Wann lohnt es sich, ein Schweizer Bankkonto zu behalten?
Eine Beibehaltung kann sinnvoll sein, wenn Einnahmen oder Ausgaben im Zusammenhang mit einer Schweizer Immobilie, regelmässige Einkünfte in Schweizer Franken, eine spätere Auszahlung der 2. oder 3a Säule, eine AHV-Rente oder ein Rückkehrplan innerhalb der nächsten Jahre bestehen. Trifft nichts davon zu, verursacht das Konto meist Kosten ohne tatsächlichen Nutzen.
Kann das Konto auch aus dem Ausland geschlossen werden?
Ja, allerdings erfolgt die Schliessung aus dem Ausland häufig per Post und mit handschriftlich unterzeichneten Dokumenten. Der Kontosaldo und laufende Belastungen müssen geregelt, die IBAN des Zielkontos, dessen Währung und der Name der begünstigten Person angegeben sowie Karten und Daueraufträge gekündigt werden.
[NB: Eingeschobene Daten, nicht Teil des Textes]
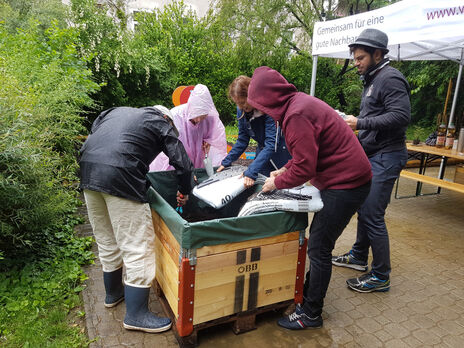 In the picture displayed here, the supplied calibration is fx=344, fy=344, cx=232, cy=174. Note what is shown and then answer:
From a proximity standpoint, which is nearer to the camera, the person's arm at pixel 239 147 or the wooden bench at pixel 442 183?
the person's arm at pixel 239 147

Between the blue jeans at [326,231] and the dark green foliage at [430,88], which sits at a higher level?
the dark green foliage at [430,88]

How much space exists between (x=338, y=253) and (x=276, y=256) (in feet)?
5.48

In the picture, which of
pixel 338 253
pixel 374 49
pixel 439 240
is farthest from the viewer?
pixel 439 240

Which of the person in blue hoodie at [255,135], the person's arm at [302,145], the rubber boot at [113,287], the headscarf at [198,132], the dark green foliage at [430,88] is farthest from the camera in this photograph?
the dark green foliage at [430,88]

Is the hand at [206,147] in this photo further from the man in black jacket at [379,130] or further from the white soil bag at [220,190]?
the man in black jacket at [379,130]

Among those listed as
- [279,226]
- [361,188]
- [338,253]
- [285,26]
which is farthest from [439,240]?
[285,26]

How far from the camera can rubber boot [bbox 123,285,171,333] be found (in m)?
2.35

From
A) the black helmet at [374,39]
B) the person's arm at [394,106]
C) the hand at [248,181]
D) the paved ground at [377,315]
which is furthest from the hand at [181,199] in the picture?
the black helmet at [374,39]

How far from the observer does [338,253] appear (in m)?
3.73

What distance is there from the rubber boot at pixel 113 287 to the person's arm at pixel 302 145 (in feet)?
5.17

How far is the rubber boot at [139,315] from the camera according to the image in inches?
92.5

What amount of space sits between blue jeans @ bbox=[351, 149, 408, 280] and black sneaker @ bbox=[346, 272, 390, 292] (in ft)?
0.19

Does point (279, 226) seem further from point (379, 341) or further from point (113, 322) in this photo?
point (113, 322)

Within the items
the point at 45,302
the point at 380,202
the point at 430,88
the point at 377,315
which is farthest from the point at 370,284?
the point at 430,88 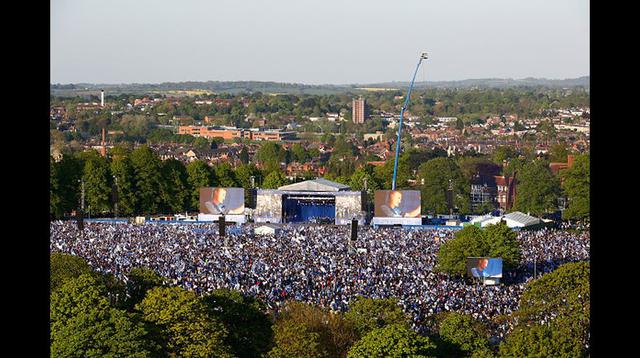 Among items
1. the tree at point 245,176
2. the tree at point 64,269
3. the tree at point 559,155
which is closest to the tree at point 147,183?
the tree at point 245,176

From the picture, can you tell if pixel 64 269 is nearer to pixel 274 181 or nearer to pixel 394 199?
pixel 394 199

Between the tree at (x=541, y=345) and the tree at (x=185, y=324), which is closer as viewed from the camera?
the tree at (x=541, y=345)

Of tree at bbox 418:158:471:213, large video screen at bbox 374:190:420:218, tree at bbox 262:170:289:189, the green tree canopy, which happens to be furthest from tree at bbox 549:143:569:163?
the green tree canopy

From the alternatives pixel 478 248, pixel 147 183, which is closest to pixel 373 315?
pixel 478 248

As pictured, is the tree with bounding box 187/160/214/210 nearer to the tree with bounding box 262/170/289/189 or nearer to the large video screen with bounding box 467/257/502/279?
the tree with bounding box 262/170/289/189

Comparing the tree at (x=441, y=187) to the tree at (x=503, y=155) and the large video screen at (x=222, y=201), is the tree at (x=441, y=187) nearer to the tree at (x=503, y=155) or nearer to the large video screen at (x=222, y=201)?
the large video screen at (x=222, y=201) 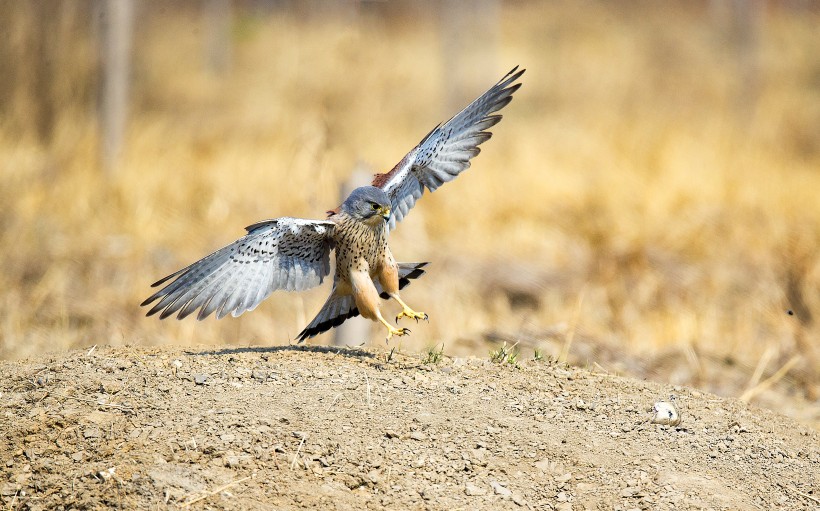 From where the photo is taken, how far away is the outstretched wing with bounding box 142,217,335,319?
3.36 meters

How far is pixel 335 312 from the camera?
12.4ft

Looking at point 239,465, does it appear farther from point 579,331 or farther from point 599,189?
point 599,189

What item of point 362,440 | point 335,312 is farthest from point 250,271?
point 362,440

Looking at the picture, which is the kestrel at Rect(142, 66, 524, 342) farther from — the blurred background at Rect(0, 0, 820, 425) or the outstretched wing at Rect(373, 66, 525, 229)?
the blurred background at Rect(0, 0, 820, 425)

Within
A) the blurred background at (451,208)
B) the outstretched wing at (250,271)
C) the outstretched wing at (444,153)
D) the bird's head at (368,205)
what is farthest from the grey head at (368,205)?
the blurred background at (451,208)

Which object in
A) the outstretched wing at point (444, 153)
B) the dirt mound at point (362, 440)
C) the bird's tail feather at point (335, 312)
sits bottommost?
the dirt mound at point (362, 440)

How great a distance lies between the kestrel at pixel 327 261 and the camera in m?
3.38

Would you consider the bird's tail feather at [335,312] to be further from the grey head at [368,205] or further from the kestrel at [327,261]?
the grey head at [368,205]

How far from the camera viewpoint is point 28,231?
23.8ft

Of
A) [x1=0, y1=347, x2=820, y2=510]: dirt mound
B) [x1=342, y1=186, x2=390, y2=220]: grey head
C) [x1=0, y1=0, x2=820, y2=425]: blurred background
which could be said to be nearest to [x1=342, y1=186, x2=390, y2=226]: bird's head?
[x1=342, y1=186, x2=390, y2=220]: grey head

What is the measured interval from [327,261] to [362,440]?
912mm

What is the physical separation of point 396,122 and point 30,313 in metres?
9.64

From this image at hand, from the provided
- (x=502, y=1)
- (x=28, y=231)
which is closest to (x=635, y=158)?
(x=28, y=231)

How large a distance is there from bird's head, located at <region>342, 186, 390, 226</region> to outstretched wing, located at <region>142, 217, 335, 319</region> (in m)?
0.12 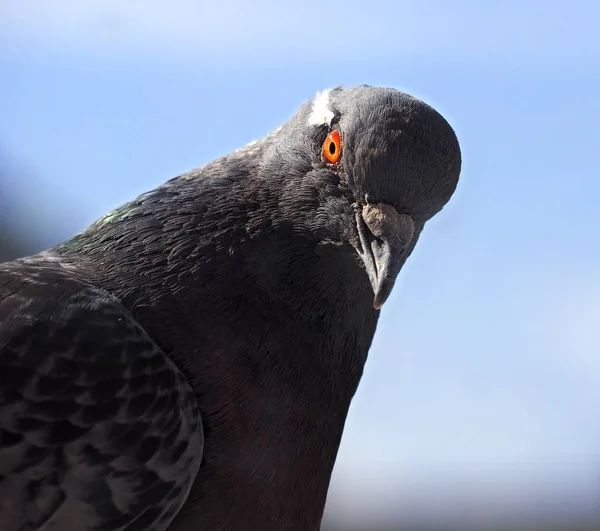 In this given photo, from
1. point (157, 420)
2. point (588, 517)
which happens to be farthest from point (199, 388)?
point (588, 517)

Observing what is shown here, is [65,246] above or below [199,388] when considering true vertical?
above

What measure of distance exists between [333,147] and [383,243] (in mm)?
668

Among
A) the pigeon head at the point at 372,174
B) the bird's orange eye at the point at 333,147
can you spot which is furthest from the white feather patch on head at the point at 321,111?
the bird's orange eye at the point at 333,147

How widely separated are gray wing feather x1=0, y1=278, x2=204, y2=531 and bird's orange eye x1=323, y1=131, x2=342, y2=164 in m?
1.40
Welche Gebühr kann bei der Kontoschliessung anfallen?
Für die Überweisung des Guthabens auf eine ausländische IBAN können Banken eine Transaktions- oder Kontoschliessungsgebühr von 3–20 CHF verrechnen. Der Betrag hängt von der Bank und dem Kontotyp ab.
Muss aufgrund der Beibehaltung eines Schweizer Bankkontos weiterhin eine KVG-Krankenversicherung bezahlt werden?
Laut Artikel begründet die Beibehaltung eines Schweizer Bankkontos oder privaten Vermögens für sich allein keine automatische Versicherungspflicht nach KVG. Massgebend sind in der Regel der Schweizer Wohnsitz und die Rentenkoordination; die Versicherung muss daher über den Wegzug und die Abmeldung informiert werden.
Welche Steuerpflicht kann nach dem Wegzug bestehen bleiben?
Für das Wegzugsjahr kann eine unterjährige Schweizer Steuererklärung erforderlich sein, und es kann eine Schweizer Zustelladresse oder eine steuerliche Vertretung nötig werden. Auf Zinsen und Dividenden eines Schweizer Bankkontos kann eine Verrechnungssteuer von 35 % erhoben werden, von der aufgrund des ungarisch-schweizerischen Doppelbesteuerungsabkommens in bestimmten Fällen ein Teil zurückgefordert werden kann.